- Born: 13 April 1878 Nagybecskerek, Austria-Hungary
- Died: 27 September 1958 (aged 80) Hamburg, West Germany
- Occupation: Magician

= János Bartl =

János Bartl (1878–1958), a descendant of a German craftsman family which had emigrated to Hungary, was one of the most important magic supply dealers of the pre-war era.

== Biography ==
His parents called him Johann, but on his Hungarian birth certificate it said János. After attending school, he learned the craft of book-binding in his home town. As a journeyman he worked in Budapest, Vienna, Dresden, Munich, and Hamburg in large workshops. By 1902 Bartl was employed as a book cover gilder.
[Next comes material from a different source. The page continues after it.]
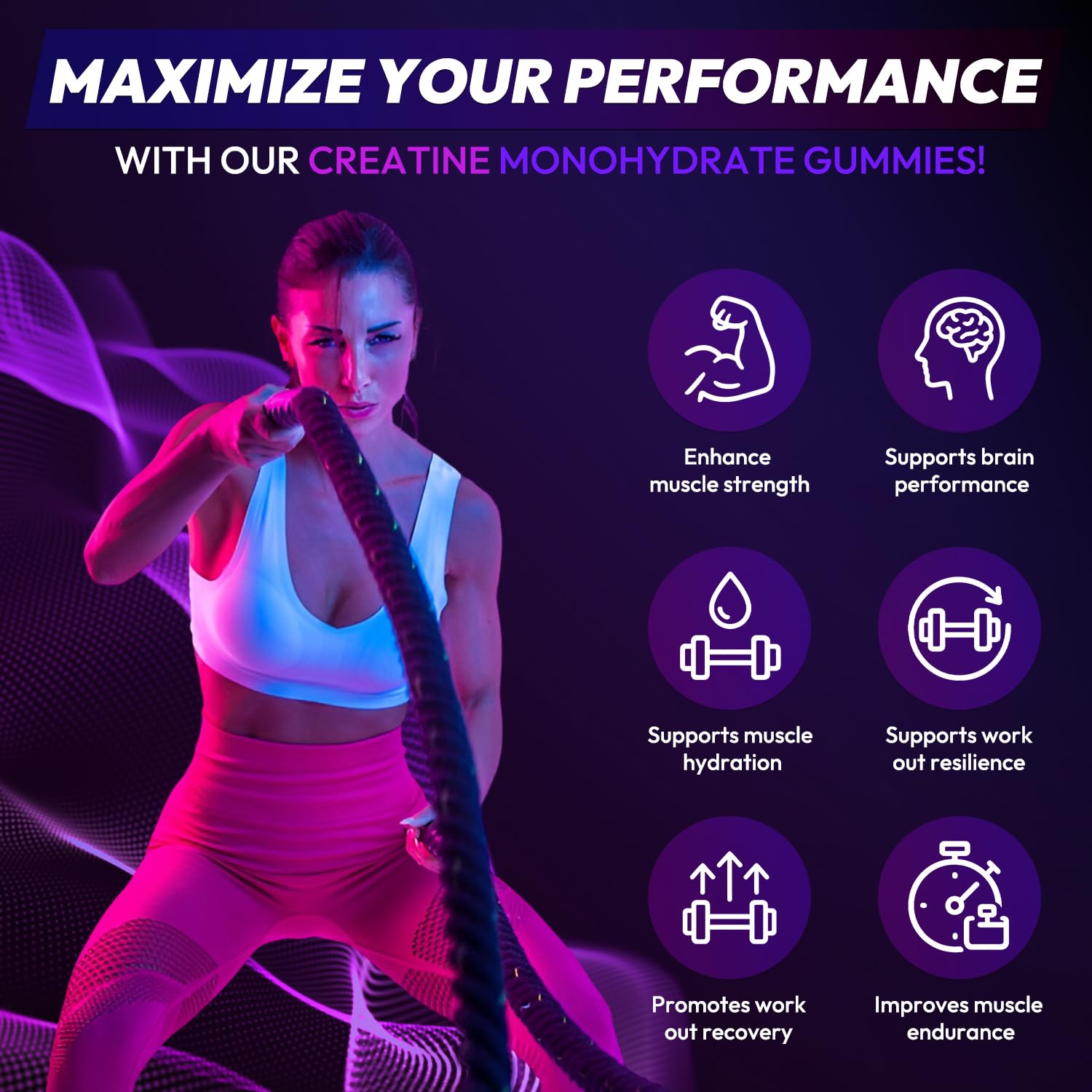AEQNJV Creatine Gummies Monohydrate Complex for Men & Women, 9000MG Creatine Pre-Workout Supplement Enhance Muscle Strength Recovery Cognitive Health & Memory, 120 Gummies Sugar Free Vegan Non-GMO AEQNJVAu supplements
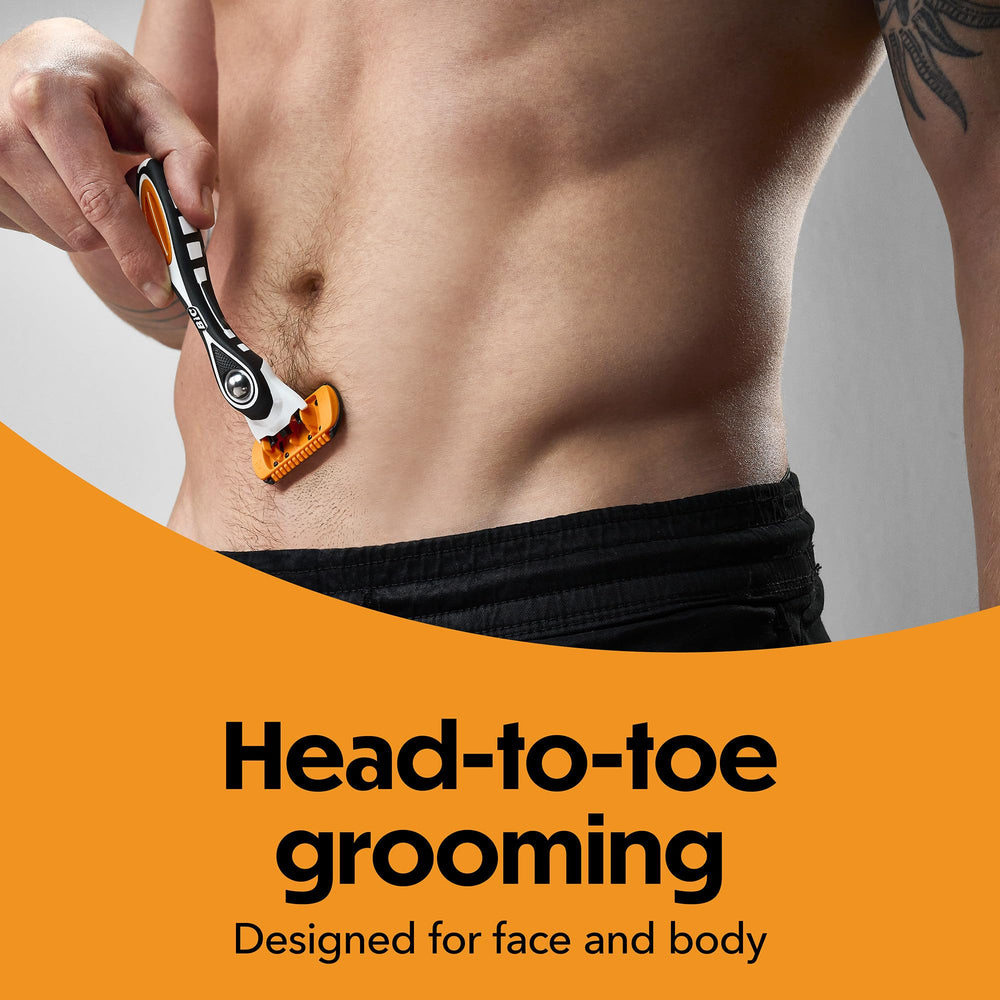 BIC Flex 5 Trim precision edging blade for clean lines around beards and necks.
He studied magic books in his free time and by 1909 he was performing professionally. He travelled predominantly through German towns under the name of "Aradi" and later under his own name. Around 1910 he opened a magic school, which called "Academy for Modern Magic Art", but it was apparently not very successful. A short time after the family arrival in Hamburg, they rented several rooms in an adjacent house for the production and sale of magic items. The store took off quickly offering not only magic tricks and books but also gag gifts, puzzle games, fireworks, and picture postcards.

From 1919 to 1924, he joined Carl Willmann in the Vereinigte Zauberapparate Fabrik Bartl & Willmann (United Magic Instruments Factory of Bartl & Willmann). Bartl was still offering Willmann's products for years afterwards in his sale lists. Bartl shipped his products to all parts of the world. Dinardi and Okito, among others, used Bartl's inventions.